Long Beach, California and Arizona’s White Mountain Apache look at tapping into forest carbon to balance their budgets. The REDD+ playing field sees the emergence of a new REDD+ expenditures tracking project, bottom-up methodology on REDD+ costs, and REDD+ compensation mechanism without reference levels. At the fringe of terrestrial forests, biomass and blue carbon confront some tricky questions.

This article was originally published in the Forest Carbon newsletter. Click here to read the original.
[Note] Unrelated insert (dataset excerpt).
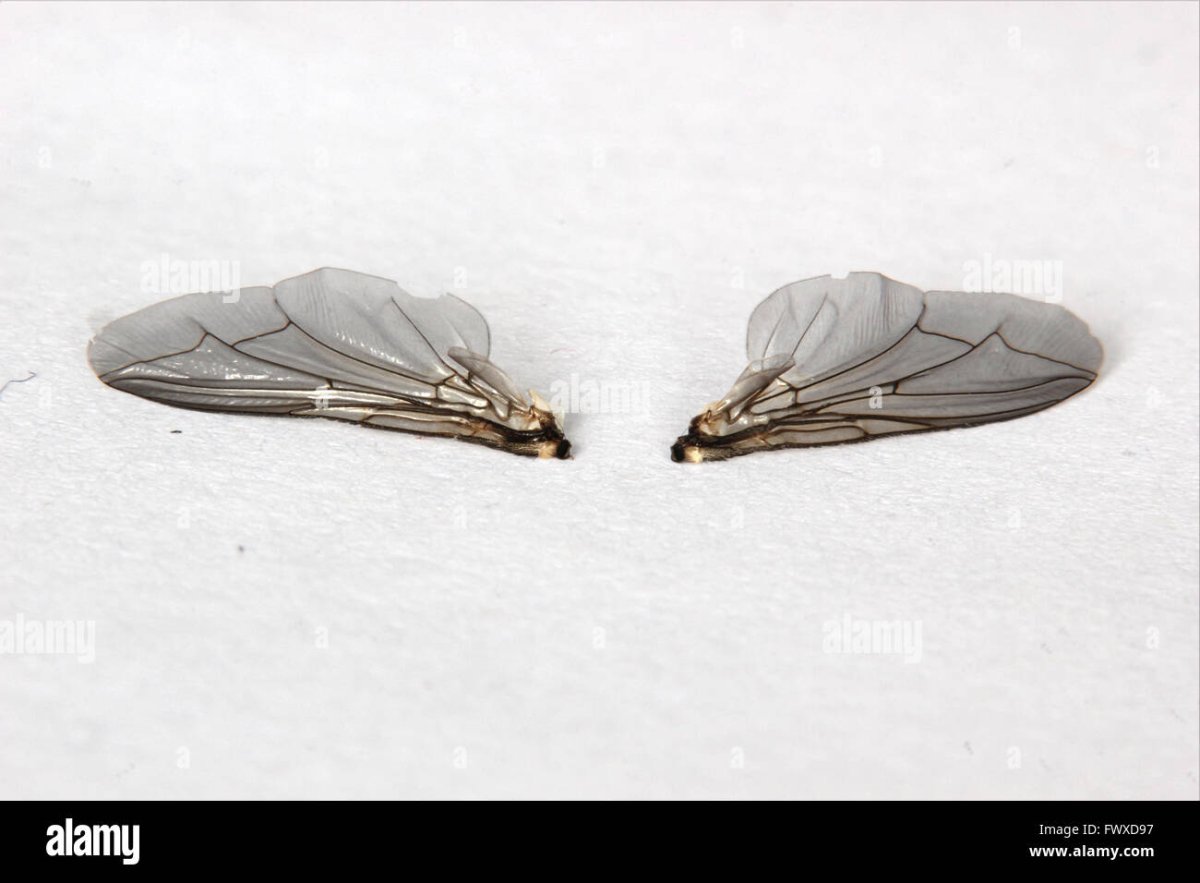 Саранча в Подмосковье фото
20 August 2012 | California’s new cap-and-trade scheme might be able to provide relief for a couple of forest owners when it comes to their financial woes. Councilwoman Gerrie Schipske of Long Beach, California  – which is grappling with a projected deficit in 2013  – is  pushing a proposal  to register the city’s urban forest as an offset project, sales from which would help defray the city’s multimillion-dollar annual cost of tree trimming. Meanwhile, Arizona’s White Mountain Apache tribe has  allocated  a parcel of pine forest it hopes will be eligible for crediting within the California scheme, seeking carbon credit revenue to pay off the tribe’s debts.

 

Coverage is out on knowledge-sharing workshops carried out between  Guyana and Suriname, as well as among countries in Melanesia  and the  Himalayas. Mozambique scores high in capacity-building efforts, as a  new study  shines light on the country’s remarkable ownership over its REDD+ readiness process and engagement of local stakeholders. In support of safeguards, civil society groups and local communities in Liberia gave breath  to a new REDD resolution, while a REDD-Net guest post discussed threats to safeguards in the Philippines.

 

Fresh research is lending new tools and ways of thinking to existing practices in REDD+ finance.  Exclusive coverage  from Ecosystem Marketplace provides a rundown on the REDD+ Expenditures Tracking Project, which is being spearheaded by Forest Trends with support from  the  Rights and Resources Initiative, the Skoll Foundation, and the International Climate Initiative. The project  follows the REDD+ funding commitments made to 13 countries, aiming to better inform governments and aid organizations as to where their donations are going. In a departure from prevailing aggregated, top-down approaches, a  study by researchers from UNIQUE Forestry and Land Use GMBH and LTS International presents a bottom-up methodology  for assessing REDD+ costs. Another study, by L. R. Carrasco from Kings College, introduces a REDD+ compensation mechanism that doesn’t rely on reference levels, which he believes shortchanges countries with historically low deforestation levels.

 

Discussions continue over the effectiveness of carbon markets at the fringe of terrestrial forests. Environmentalists fear that the EU ETS’s assumption that biomass fuel use is carbon neutral – which has greatly bolstered the EU’s reliance on biomass – misrepresents the reality of the world’s forests and EU progress on emissions targets. And while Juha Siikamaki of Resources for the Future and colleagues show  that mangrove preservation could be an affordable way to mitigate carbon emissions, others express reservations over including mangroves in carbon credit arrangements  –  arguing that the economic benefit would rely on current global carbon prices.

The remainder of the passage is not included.